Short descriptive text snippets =

++++++++++

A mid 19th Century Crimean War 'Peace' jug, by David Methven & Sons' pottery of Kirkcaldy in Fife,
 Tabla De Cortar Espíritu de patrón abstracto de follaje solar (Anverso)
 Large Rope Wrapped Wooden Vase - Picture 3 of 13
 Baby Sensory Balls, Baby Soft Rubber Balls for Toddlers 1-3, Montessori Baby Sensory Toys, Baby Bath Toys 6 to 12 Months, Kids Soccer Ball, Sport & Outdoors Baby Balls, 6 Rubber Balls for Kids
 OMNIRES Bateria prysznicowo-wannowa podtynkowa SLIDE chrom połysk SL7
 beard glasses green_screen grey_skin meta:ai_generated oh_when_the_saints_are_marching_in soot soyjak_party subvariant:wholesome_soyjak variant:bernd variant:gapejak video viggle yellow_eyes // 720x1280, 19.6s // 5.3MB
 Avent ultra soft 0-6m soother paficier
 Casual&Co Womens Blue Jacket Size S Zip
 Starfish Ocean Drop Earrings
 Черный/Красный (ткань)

++++++++++

DIRECTIONS FOR THIS TASK = Your response should be the lines above from the first to the one containing "Large Rope Wrapped", inclusive, each given exactly.

ANSWER SECTION =
A mid 19th Century Crimean War 'Peace' jug, by David Methven & Sons' pottery of Kirkcaldy in Fife,
 Tabla De Cortar Espíritu de patrón abstracto de follaje solar (Anverso)
 Large Rope Wrapped Wooden Vase - Picture 3 of 13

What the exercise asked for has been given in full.